> _What this task involves_
Leaving out the pictures, copy each record below exactly.
[Records for this exercise Boundary: Start]
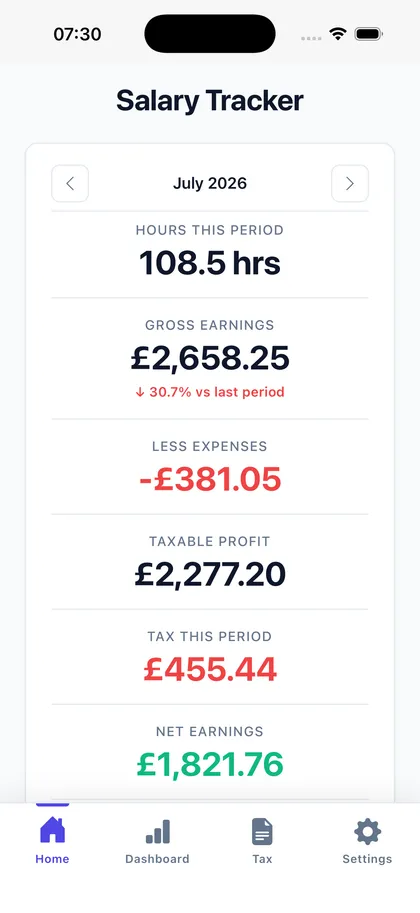 TradeLedger home screen showing gross earnings, expenses, tax and net pay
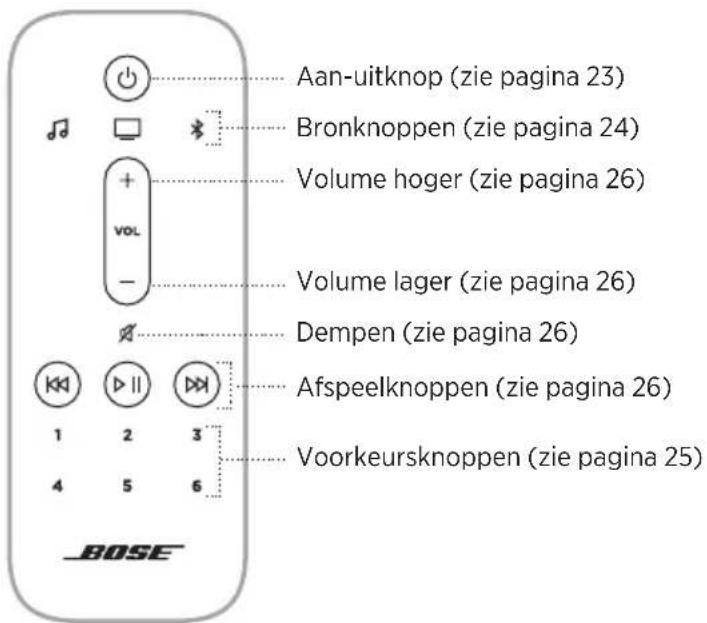 BOSE Smart Soundbar 900 - FUNCTIES OP DE AFSTANDSBEDIENING - 1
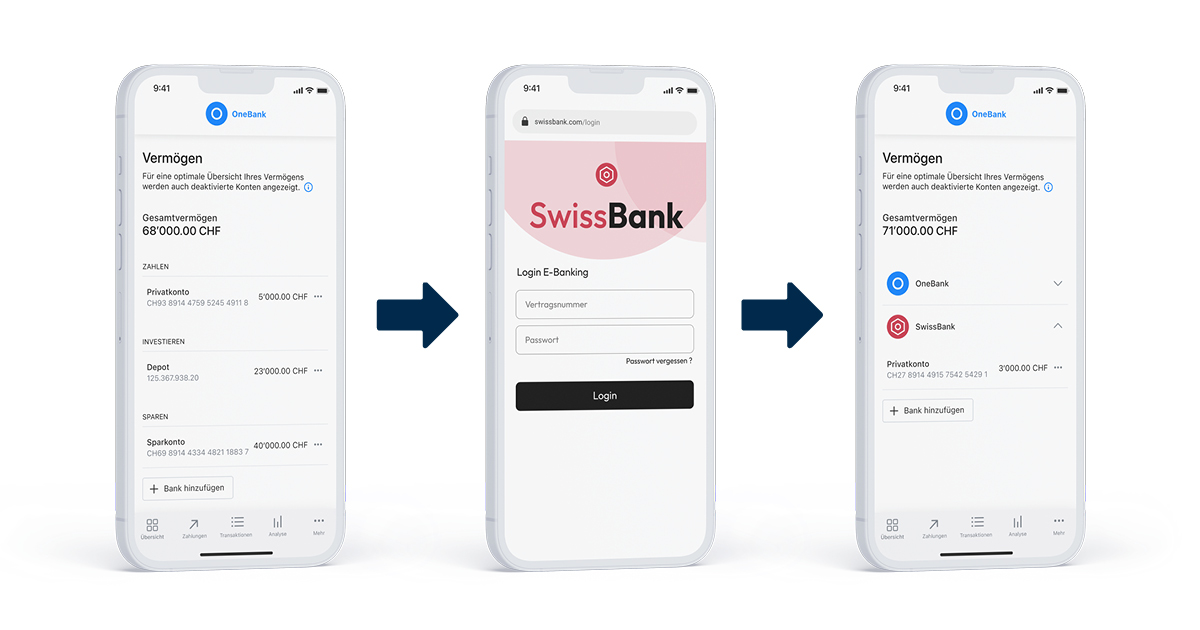 Onboarding Multibanking in 3 Schritten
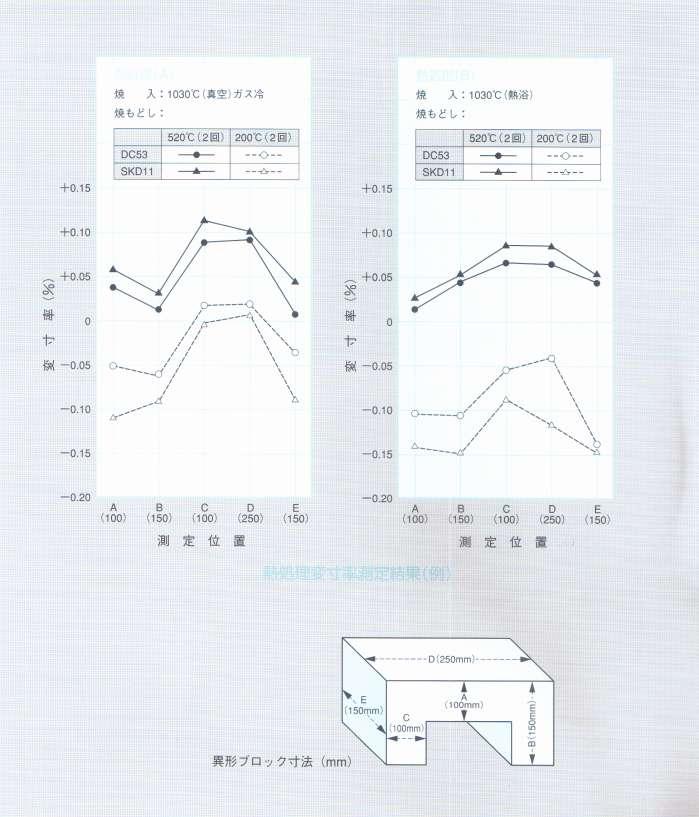 이형블럭의열처 리치수실측예 DC53, SKD11 에고온 (520 ) 등저온 (200 ) 템퍼링을실시핚 경우수치변화 (%) 의측정결과를표에나타냈다.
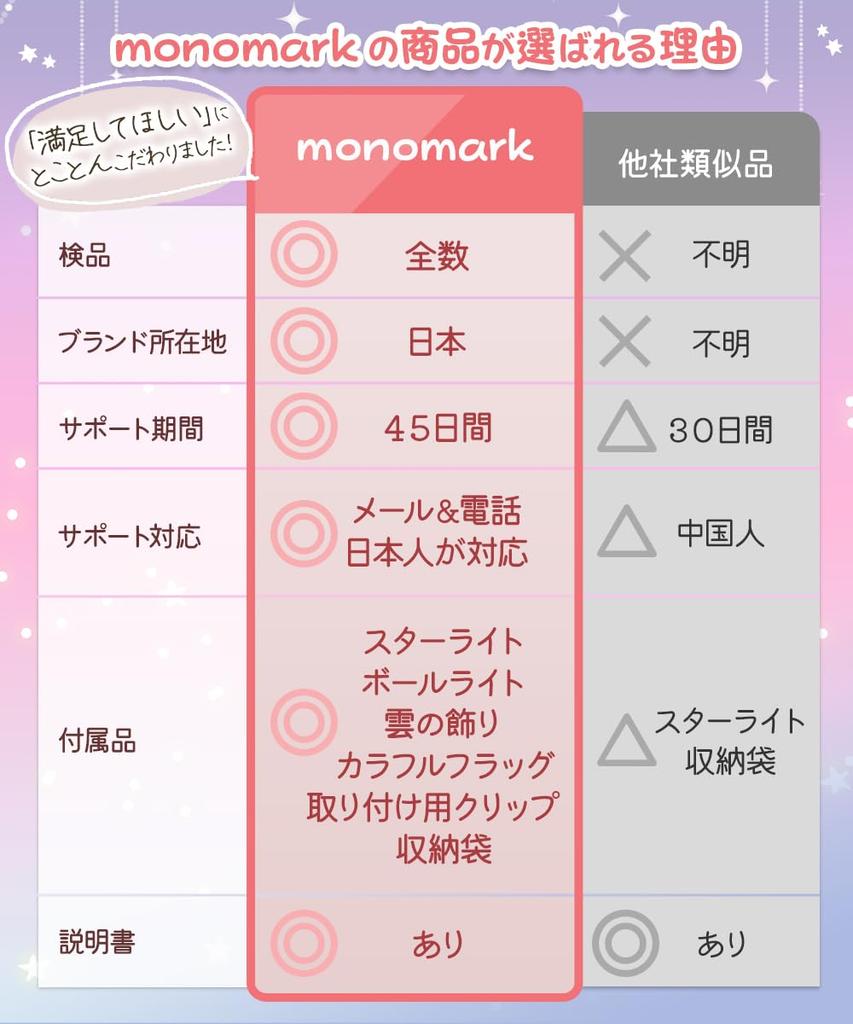 monomark Kids' Tent, Indoor Toy for Girls and Boys, Birthday Gift, Princess Style, Easy Assembly, Luxury Set [Supervised by Nursery Teachers, Japanese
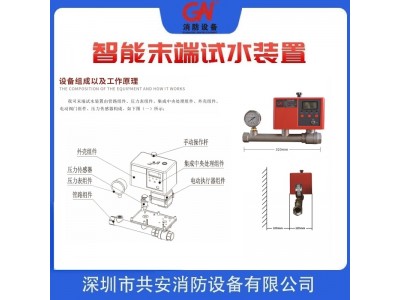 深圳共安自動(dòng)噴淋系統(tǒng)自動(dòng)末端試水裝置供應(yīng)商消防管道電動(dòng)末端試水閥廠家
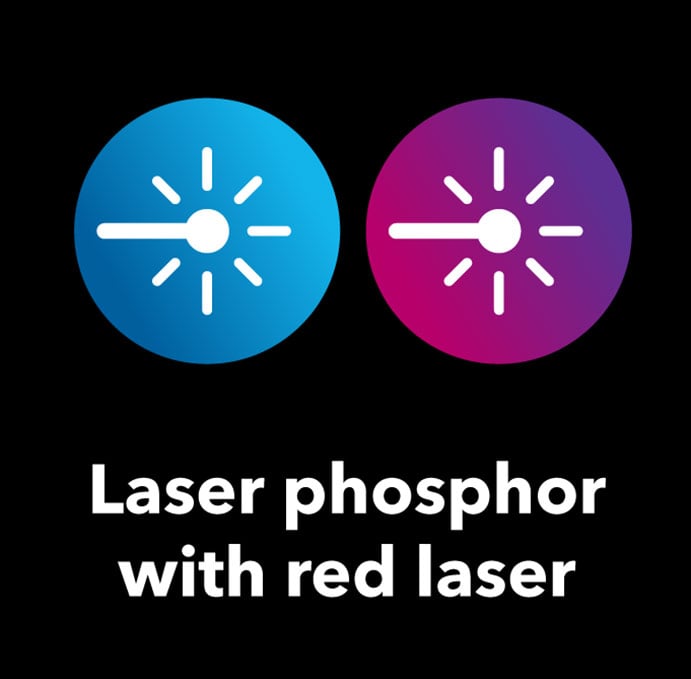 Similar to a laser hybrid but employs a red laser diode instead of an LED to produce better overall saturation and realistic color. This approach forms the basis of Christie BoldColor™ technology.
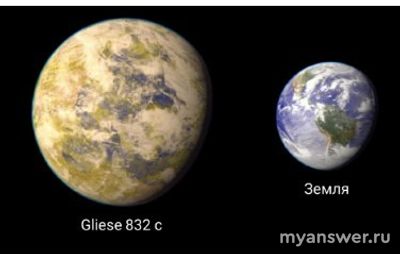 Астрономия 6-7 кл. Как выбрать правильное определение экзопланеты?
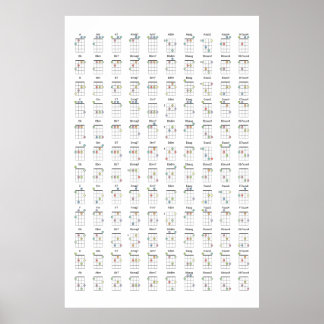 Ukulele Chord Diagram Reference Chart Metal Print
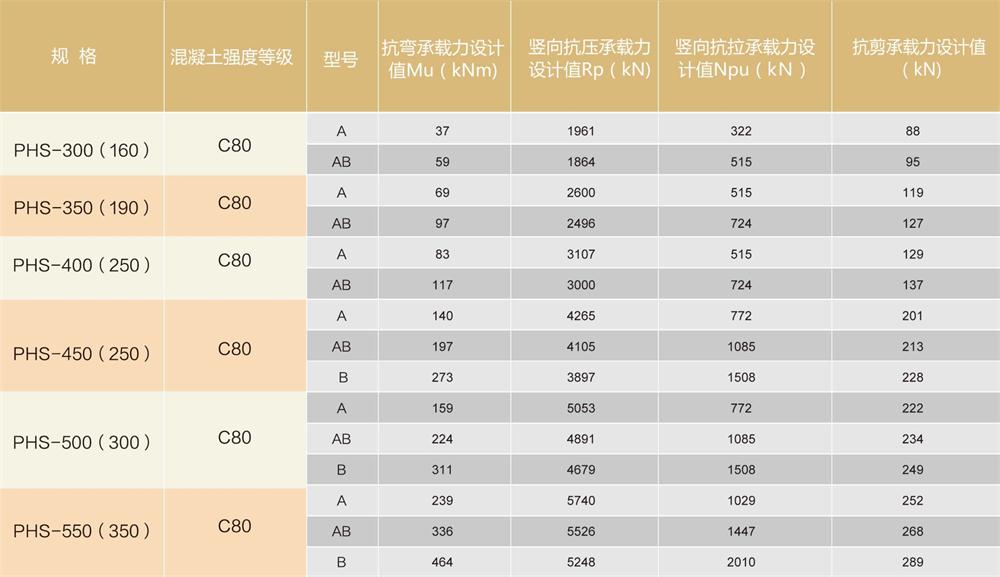 外方內圓結構:預應力混凝土空心方樁（PHS)(圖3)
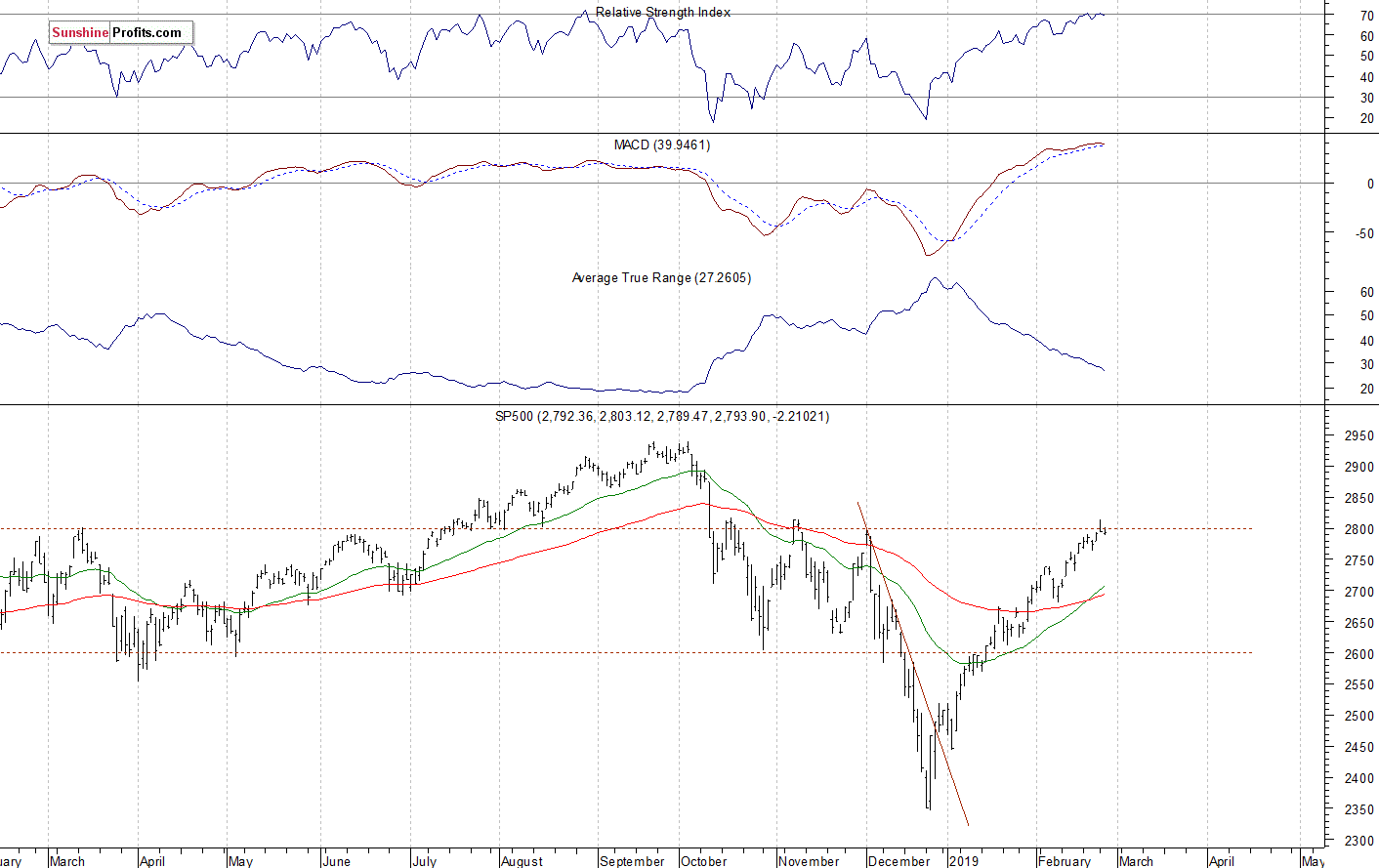 Daily S&P 500 index chart - SPX, Large Cap Index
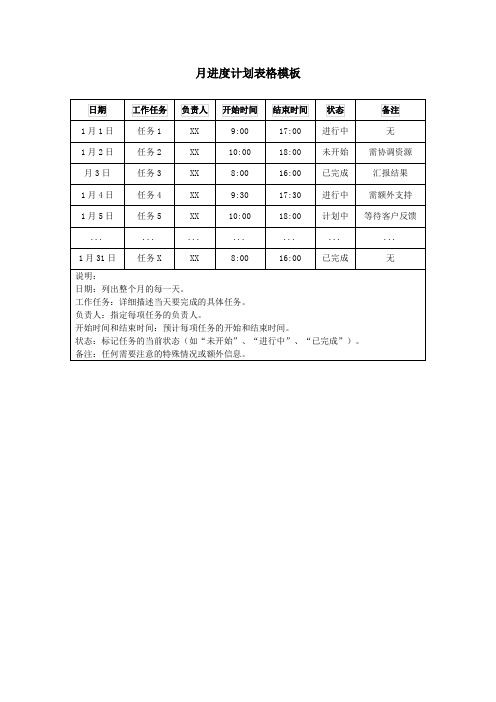 月进度计划表格模板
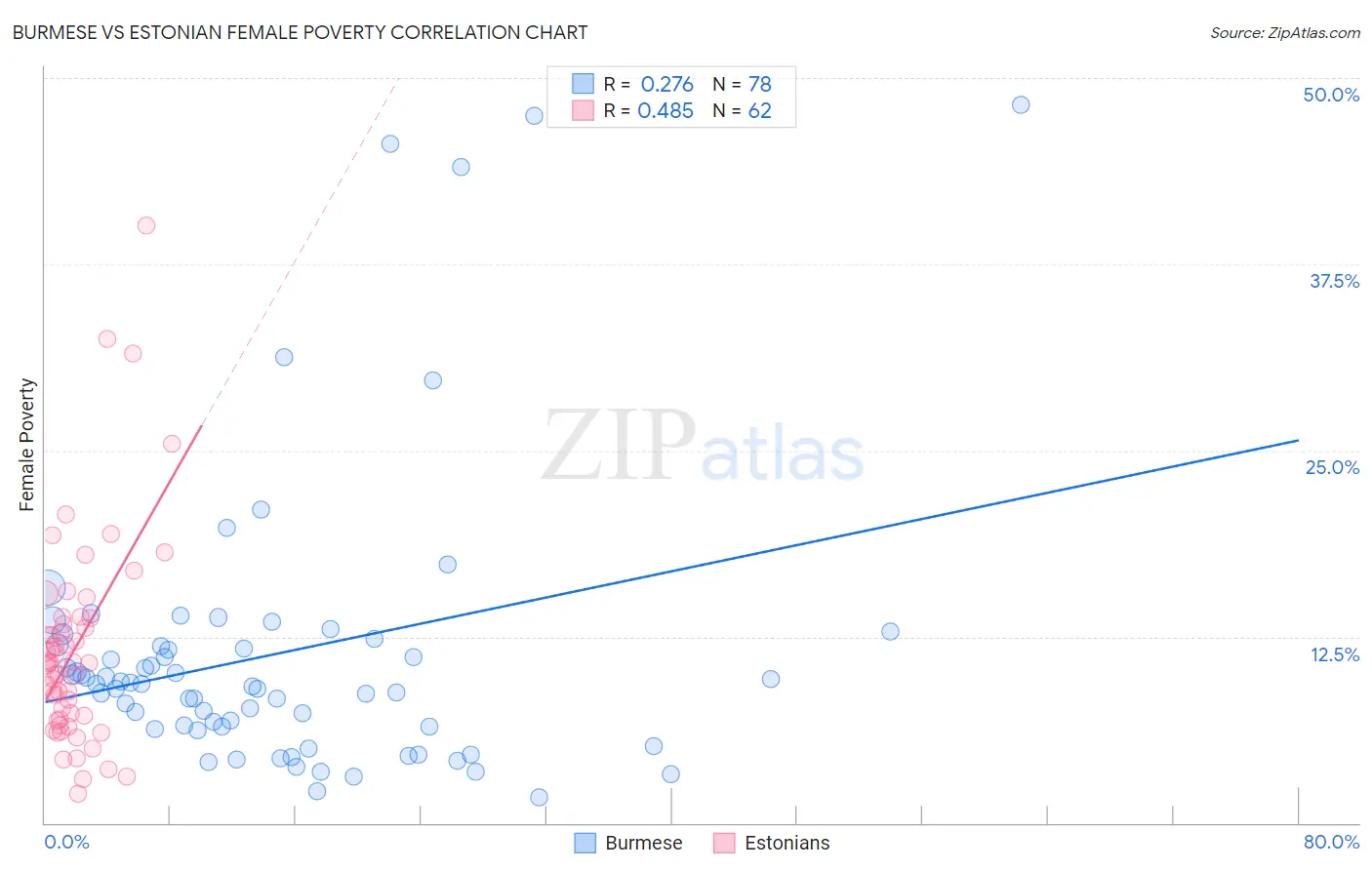 Burmese vs Estonian Female Poverty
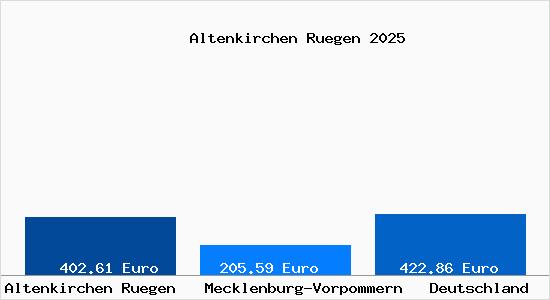 Aktueller Bodenrichtwert in Altenkirchen Ruegen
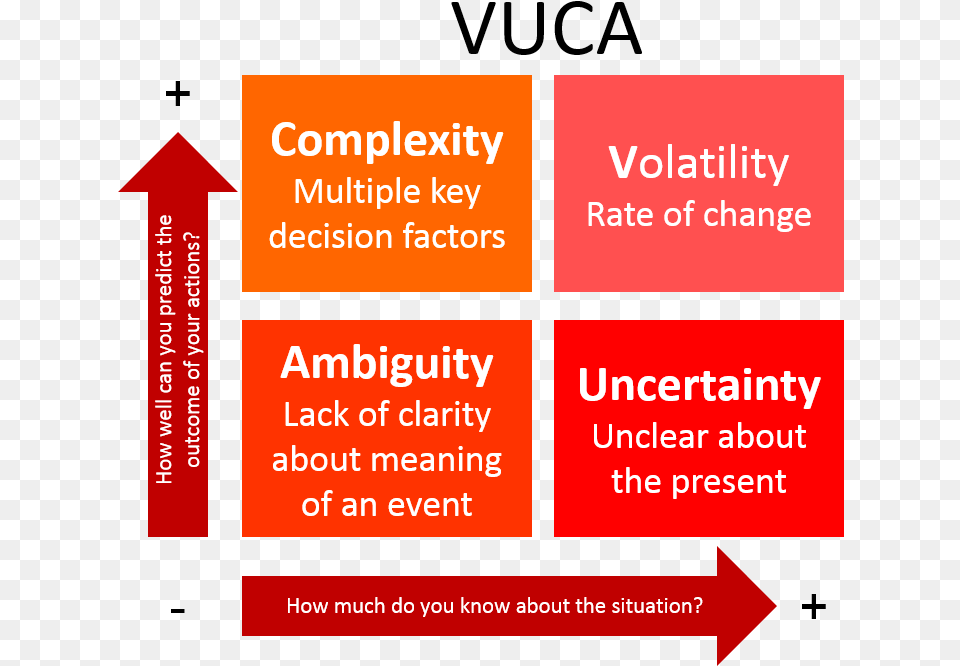 The Term Is Also Sometimes Said To Stand For The Adjectives Vuca Matrix, Advertisement, Poster, Text Free Png Download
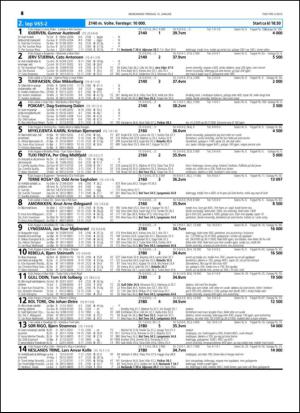 travoggaloppnytt_tips-20150107_000_00_00_048.pdf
[Records for this exercise Boundary: End]
> _The completed task_
 TradeLedger home screen showing gross earnings, expenses, tax and net pay
 BOSE Smart Soundbar 900 - FUNCTIES OP DE AFSTANDSBEDIENING - 1
 Onboarding Multibanking in 3 Schritten
 이형블럭의열처 리치수실측예 DC53, SKD11 에고온 (520 ) 등저온 (200 ) 템퍼링을실시핚 경우수치변화 (%) 의측정결과를표에나타냈다.
 monomark Kids' Tent, Indoor Toy for Girls and Boys, Birthday Gift, Princess Style, Easy Assembly, Luxury Set [Supervised by Nursery Teachers, Japanese
 深圳共安自動(dòng)噴淋系統(tǒng)自動(dòng)末端試水裝置供應(yīng)商消防管道電動(dòng)末端試水閥廠家
 Similar to a laser hybrid but employs a red laser diode instead of an LED to produce better overall saturation and realistic color. This approach forms the basis of Christie BoldColor™ technology.
 Астрономия 6-7 кл. Как выбрать правильное определение экзопланеты?
 Ukulele Chord Diagram Reference Chart Metal Print
 外方內圓結構:預應力混凝土空心方樁（PHS)(圖3)
 Daily S&P 500 index chart - SPX, Large Cap Index
 月进度计划表格模板
 Burmese vs Estonian Female Poverty
 Aktueller Bodenrichtwert in Altenkirchen Ruegen
 The Term Is Also Sometimes Said To Stand For The Adjectives Vuca Matrix, Advertisement, Poster, Text Free Png Download
 travoggaloppnytt_tips-20150107_000_00_00_048.pdf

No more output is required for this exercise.